Setelah berakahirnya perang
Salib, Barat sekali lagi harus berhadapan dengan kekuataan baru Islam yaitu
Turki Usmani, hal ini bermula ketika Konstantinopel pusat kekuasaan Romawi di
Timur berhasil di kuasai Islam pada tahun 1453 di bawah Turki Utsmaniyah Islam
kembali bangkit menjadi daulah yang besar yang mampu menaklukkan wilayah besar
Arab dan Eropa. Namun kekalahan Angkatan Laut Utsmani di Lepanto pada tahun
1571 merupakan titik balik yang dianggap sebagai kemenangan Kristen Eropa
melawan Turki yang muslim, dengan demikian terjadi pergeseran kekuasaan
ketangan Eropa (Barat) yang mulai percaya diri dan memperoleh kekuatannya
kembali.[10]
Dari bukti sejarah tersebut
nampak bahwa antara Islam dan Barat memang sudah ada akar konflik yang terjadi
disebabkan oleh rasa kebencian yang mendalam dan akibat perang salib yang
berkepanjangan sangat sulit untuk dilupakan dalam ingatan masing-masing bangsa.

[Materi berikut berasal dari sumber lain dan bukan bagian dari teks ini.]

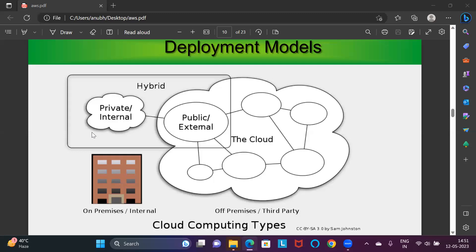In a public cloud, all of us can create accounts and start accessing services with no limitation, except that you can't enter my space and I can't enter yours. For example, with Gmail, you can create an account and I can too, but without knowing your ID and password, I can't log into your account, and vice versa. This is a public cloud.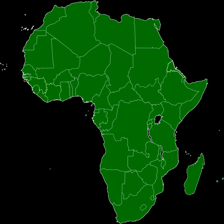The second stage, to be completed in 2007, involves strengthening of intra-REC integration and inter-REC harmonization. The third stage, to be completed in 2017, establishes a free trade area and customs union in each regional block. The fourth stage, to be completed in 2019, establishes a continent-wide customs union and free trade area.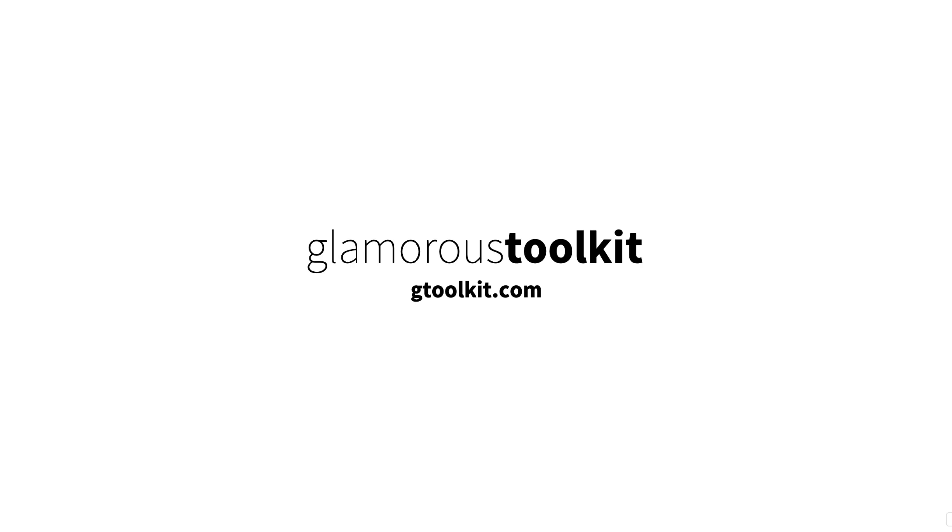You'll find more GT in 7-minute videos on our YouTube channel, or you can explore GT by downloading it from gtoolkit.com. Thanks for listening.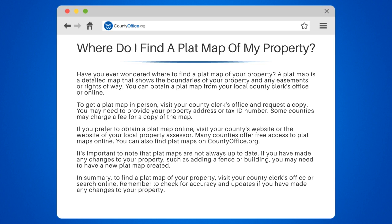If you prefer to obtain a plat map online, visit your county's website or the website of your local property assessor. Many counties offer free access to plat maps online.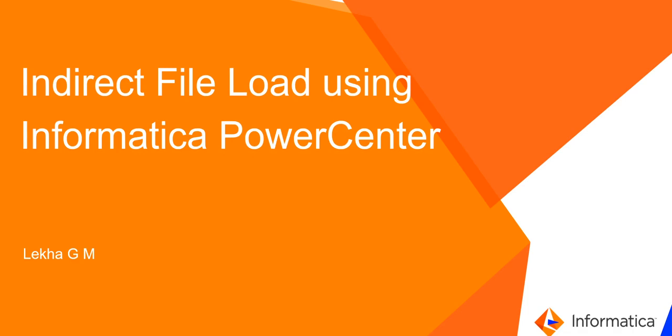Hello, this is Lekha from Informatica JCS team. In this video, I will be demonstrating how indirect file load is done using Informatica Power Center.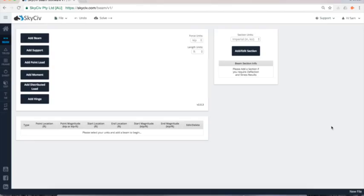Welcome everybody to another SkySiv tutorial. Today I'm going to take you through a 10 minute demonstration of the SkySiv Beam program. SkySiv Beam is a powerful yet easy to use piece of software that allows you to analyze one-dimensional beams.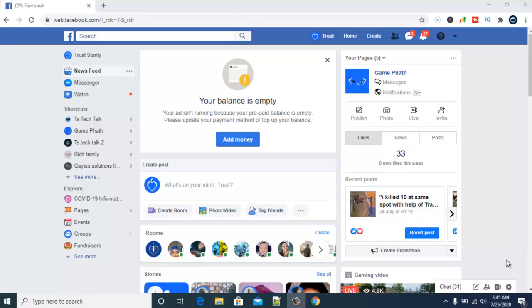Welcome to today's video tutorial by Troy Stanley at TS Tech Talk. Today I want to show you how to connect your Facebook Messenger — your Facebook page Messenger — with your Instagram direct message.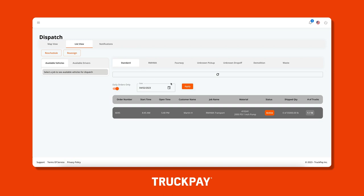We organize the jobs you are dispatching trucks on by job type. You'll notice that we are on the standard tab right now, but can filter down into RMHMA, ready mix jobs, four-way jobs, unknown pickup and drop-off, demolition, and waste jobs.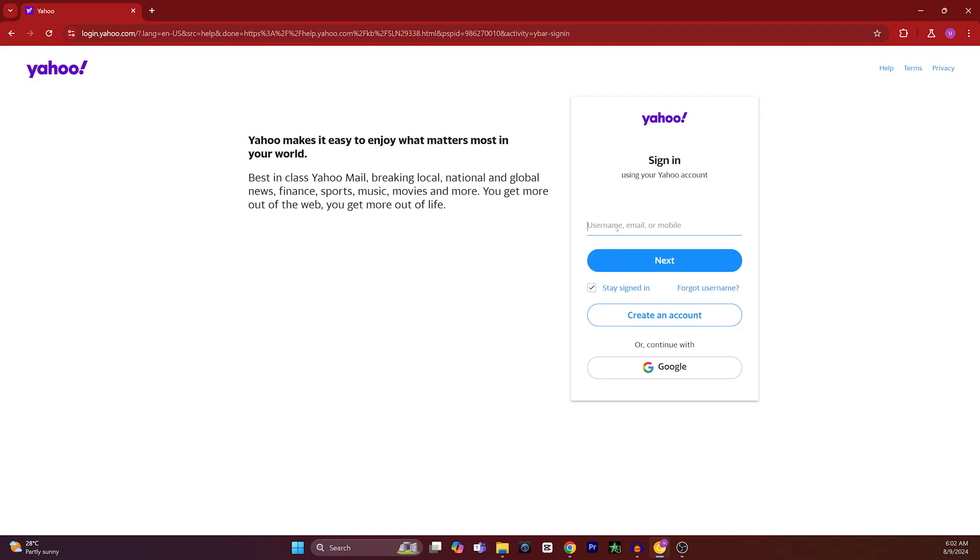So that's how you can recover a deactivated Yahoo account due to inactivity. If you find this video helpful, please hit the like button and don't forget to subscribe.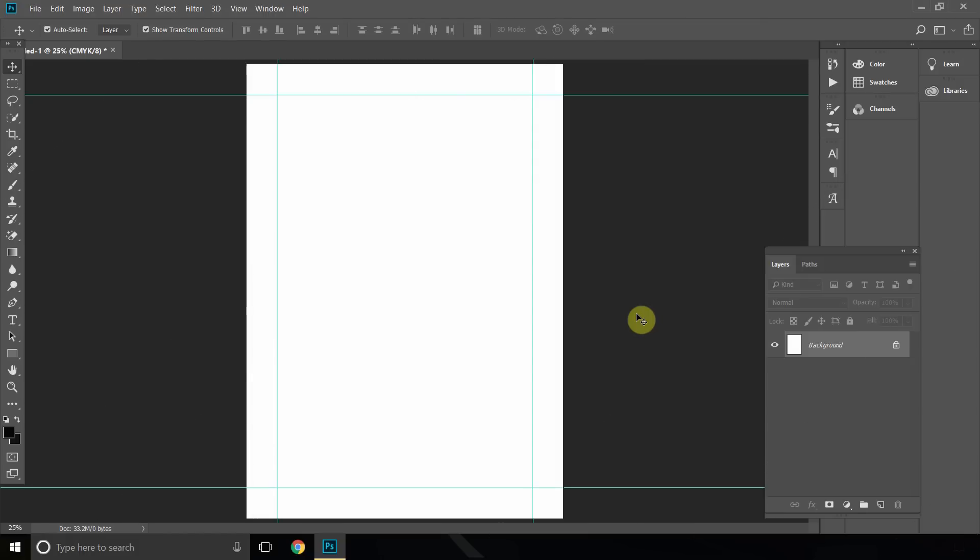Hello everyone, and in today's tutorial I will show you how to make margins in Adobe Photoshop.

Ingatan kolektif tentang kebencian masing-masing kekuatan masa lalu akan selalu
terngiang dan menjadi demdam sejarah yang tidak pernah dilupakan.
Hegemoni Barat atas Dunia Islam
Setelah kekalahan Turki
Usmani dan terusirnya Islam dari Spanyol tahun 1492[11],
Islam lalu mengalami kemunduran, maka mulailah era baru Barat untuk menguasai
dunia Islam melalui kolonialisme. Hampir sebagian besar negara yang berpenduduk
Islam dikuasai oleh kolonialisme Barat, misalnya Perancis menguasai Afrika
Barat, Utara dan Tengah, Inggris di Palestina, Irak dan teluk Arab dan anak
benua India, Belanda dan Potugis di Asia Tenggra.[12]
Sedangkan Rusia menguasai negara-negara Islam di Asia Tengah. Kemunduran Islam
yang dimanfaatkan Barat dengan kolonialismenya telah mampu memecah belah umat
Islam dan merampok wilayah-wilayah Islam dalam penjajahan yang sangat lama dan
menindas. Kekayaan alam Islam dikuras, pemimpin-pemimpin Islam yang anti Barat
dengan peran medianya dihembuskan sebagai anti demokrasi dan pelanggar HAM (Hak
Asasi Manusia). Karena Barat menguasai Media, lewat propaganda-propaganda
sesatnya dikatakan bahwa Islam adalah agama pedang, agama teroris, menyukai
kekerasan dan anti kemapanan. Lalu, satu persatu wilayah Islam dikuasai, dengan
berbagai dalih Barat berusaha menancapkan kukunya untuk menguasai kawasan Islam
yang strategis secara ekonomi dan politik serta kaya sumber alam.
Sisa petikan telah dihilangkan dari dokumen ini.